International hotel chain Radisson has suspended its sponsorship of American football team the Minnesota Vikings in light of child abuse charges against one of its players, Adrian Peterson.

Running back Peterson was charged by Texan authorities on 12 September with causing negligent injuries to his four year son, in which he repeatedly hit the infant with a branch.

Despite being convicted by a court of law, the 29-year-old was reinstated to the Vikings team.

The club's sponsors have not been so forgiving however. The Radisson has said that it will mull over its options before making a decision.

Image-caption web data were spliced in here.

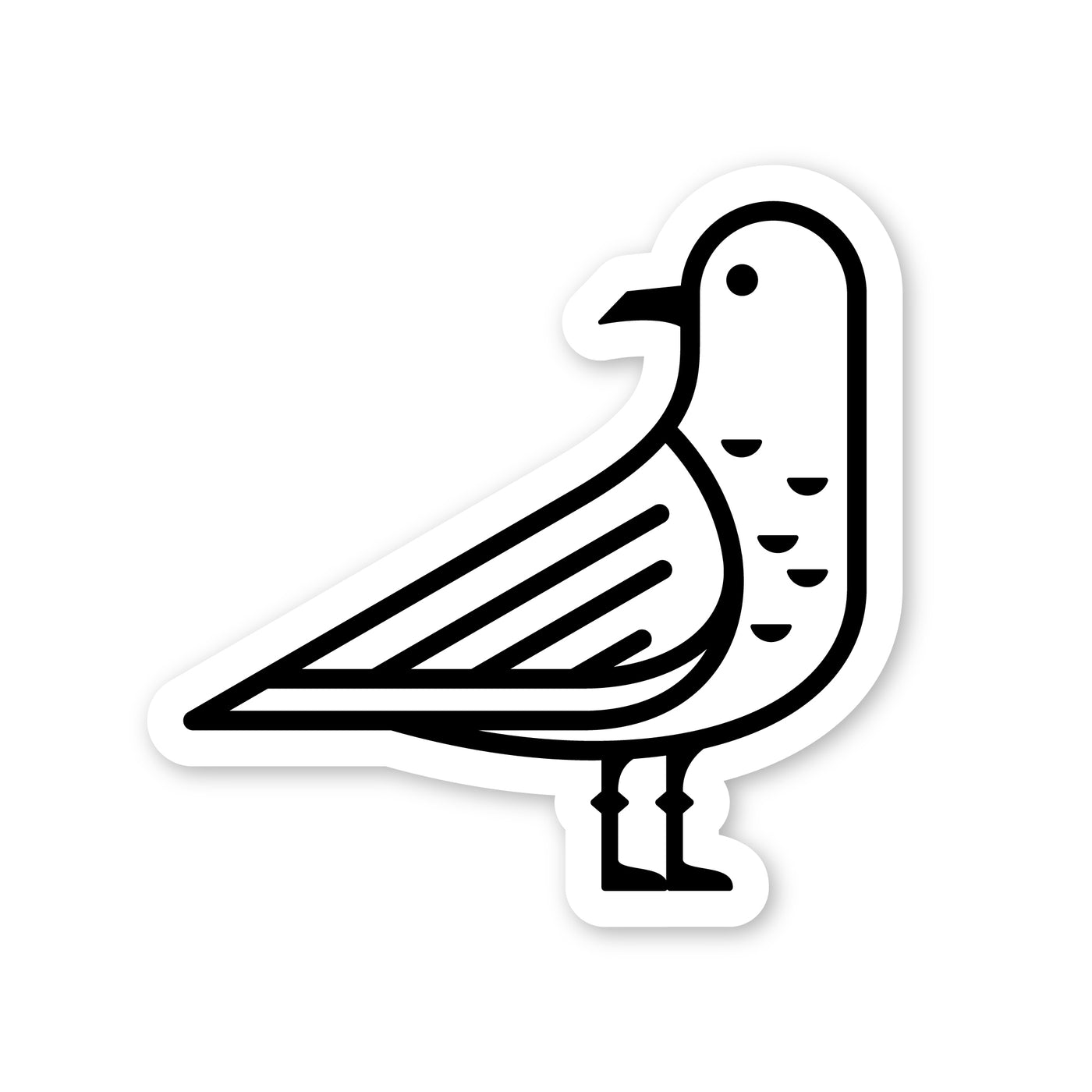 Seagull Sticker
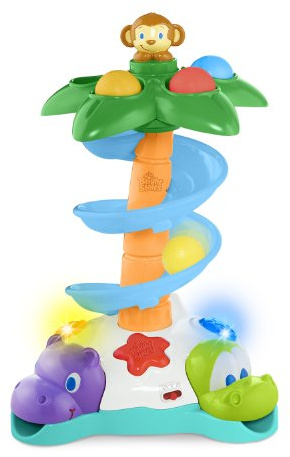 Bright Starts 9232 Ball Tropical Fun Drop `N Kullerbahn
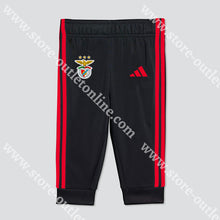 Carregar imagem no visualizador da galeria, NOVO FATO TREINO CRIANÇA 3º EQUIPAMENTO SL BENFICA 25/26 Fato de Treino
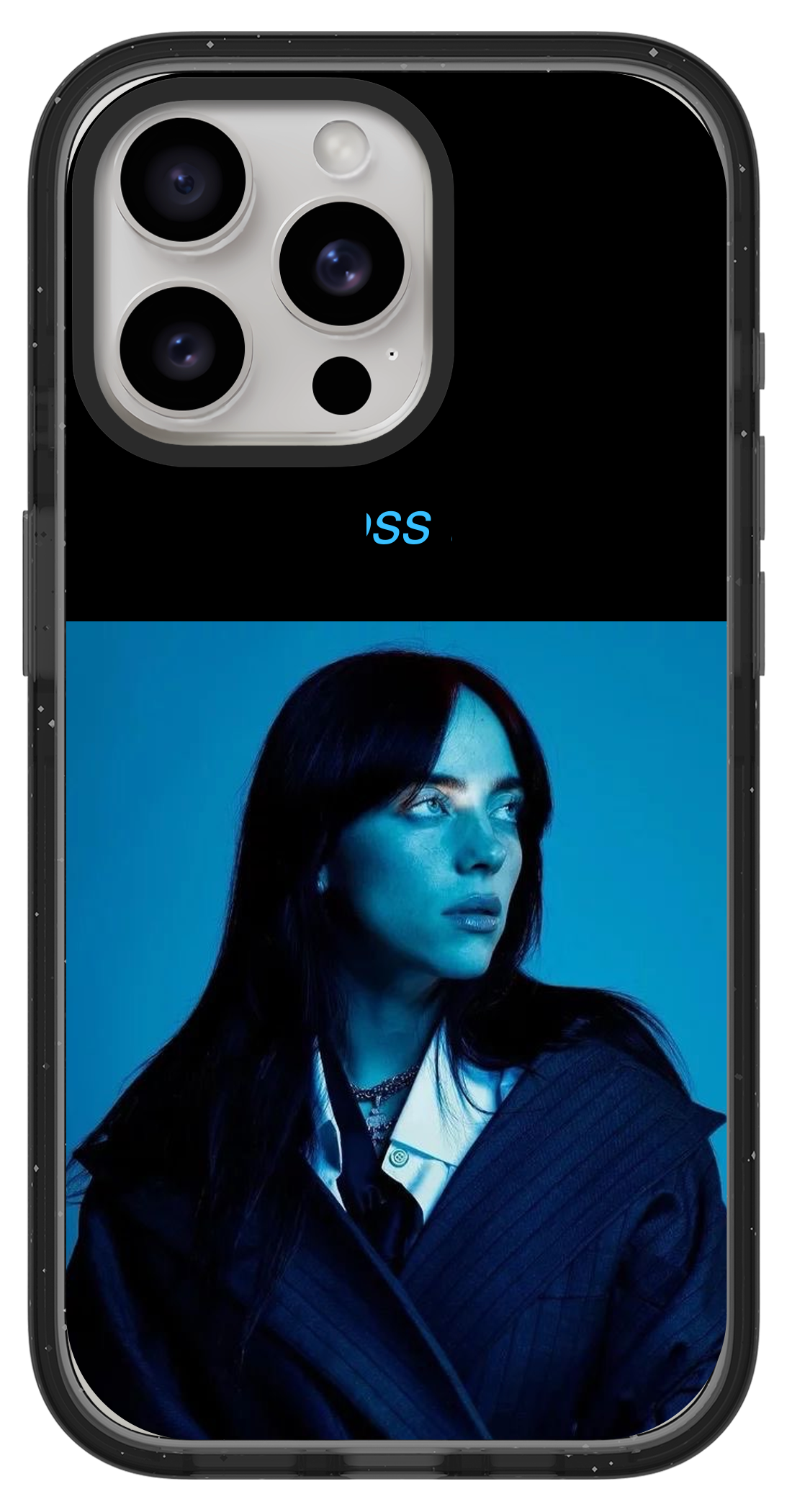 PixVoices rendered material preview - 1198 - Clear Black Impact Case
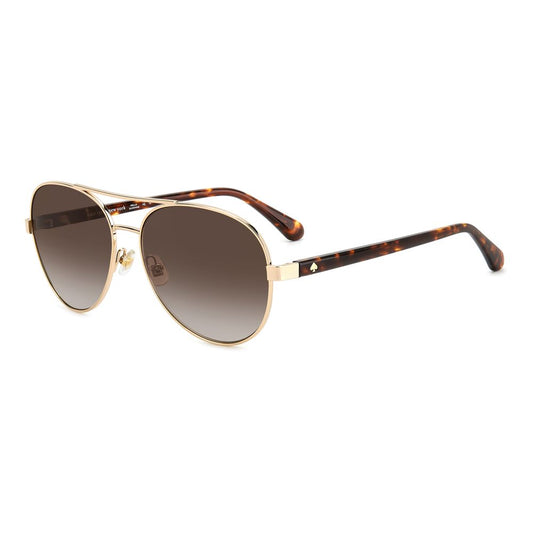 Gold Metal Sunglasses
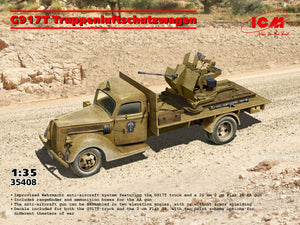 ICM 35408 G917T Truppenluftschutzwagen 1/35 – zdjęcie 2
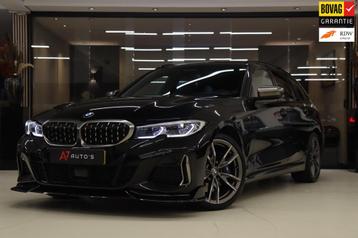 BMW 3-serie Touring M340i xDrive High Executive Pano/Hud/Las beschikbaar voor biedingen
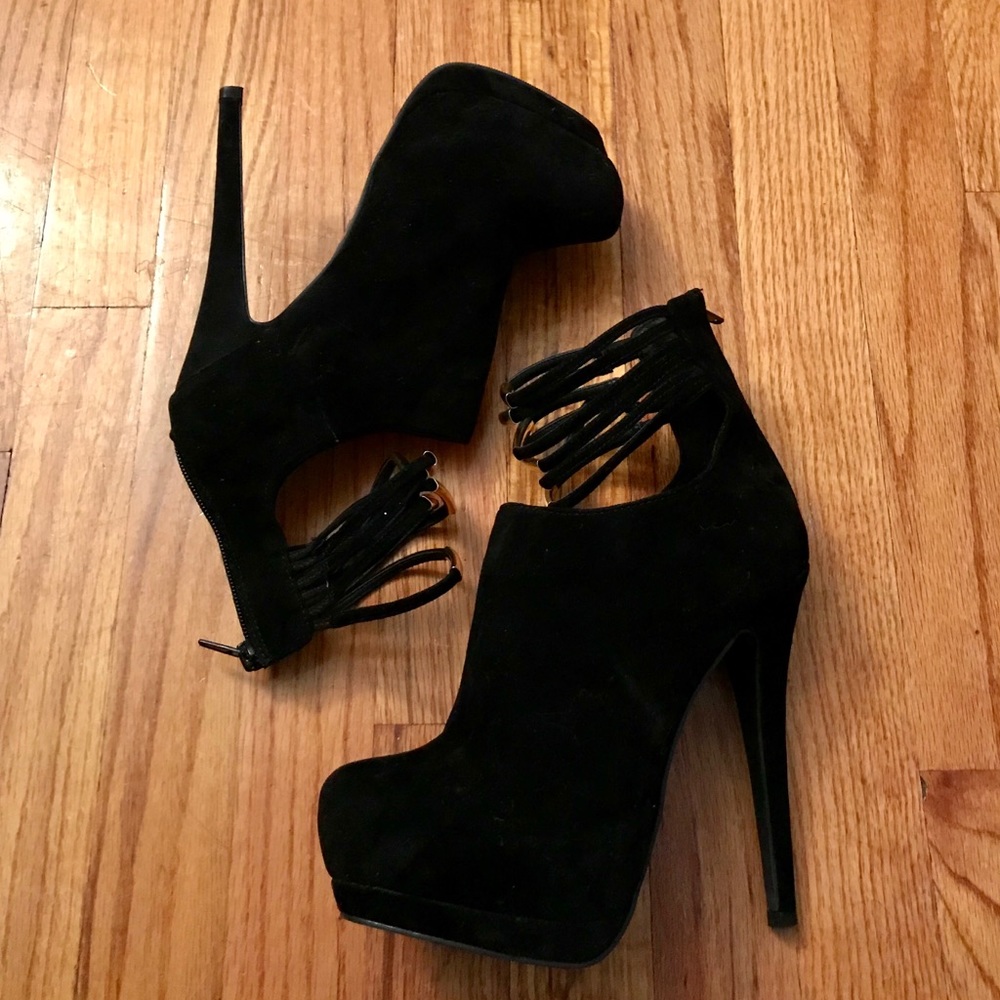 High Heel Bootie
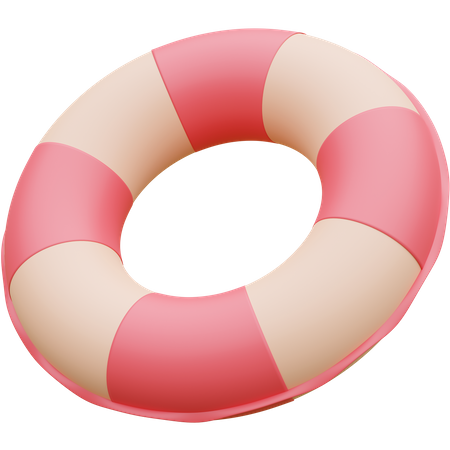 Swim Ring  3D Icon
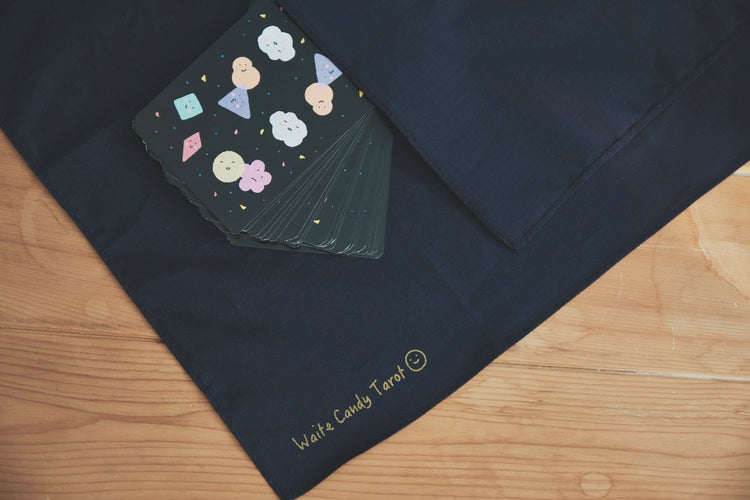 Waite Candy Tarot Divination Cloth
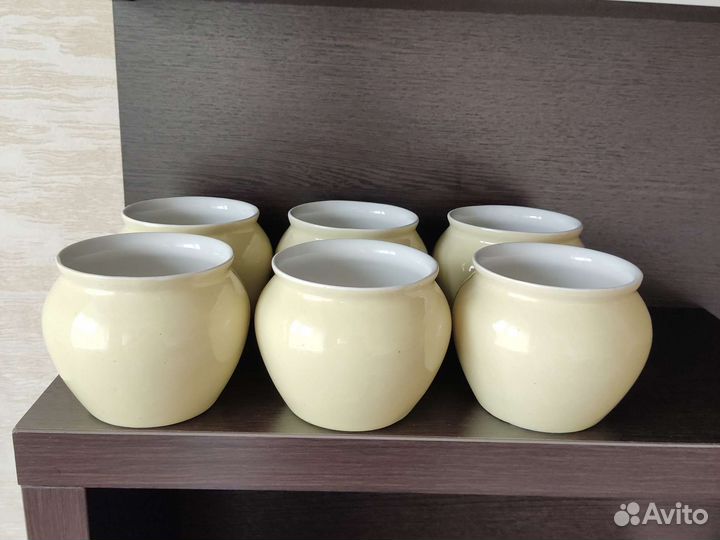 Горшок керамический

"Radisson is suspending its limited sponsorship of the Minnesota Vikings while we evaluate the facts and circumstances," the company said in a statement, before adding that it "takes this matter very seriously, particularly in light of our long-standing commitment to the protection of children".

A spokesperson for the Minneapolis team said that they "respectfully honoured" the hotel's decision.

Other major sponsors of the NFL franchise have also voiced their concerns in regards to violent episodes in the private lives of the players, with the most high profile incident involving Ray Rice of the Baltimore Ravens, who was filmed dragging his unconscious girlfriend out of an elevator, having just knocked her out.

This prompted major sponsors such as McDonalds, Visa, Campbell Soup Company and Anheuser-Busch to tell the NFL that it needs to take action.

NFL responded by saying: "We understand. We are taking action and there will be much more to come."

Allegations of child abuse began to surface when celebrity gossip site TMZ published an image of Peterson's son, who had slash wounds across his legs.

The prosecution then discovered that Peterson had whipped his son with a tree branch on his back, buttocks, ankles, legs and genitals.

Peterson denies that he is a child abuser, saying that he was only disciplining his son.

"I am not a perfect son. I am not a perfect husband. I am not a perfect parent, but I am, without a doubt, not a child abuser," he said at his conviction on 12 September.

"I am someone that disciplined his child and did not intend to cause him any injury."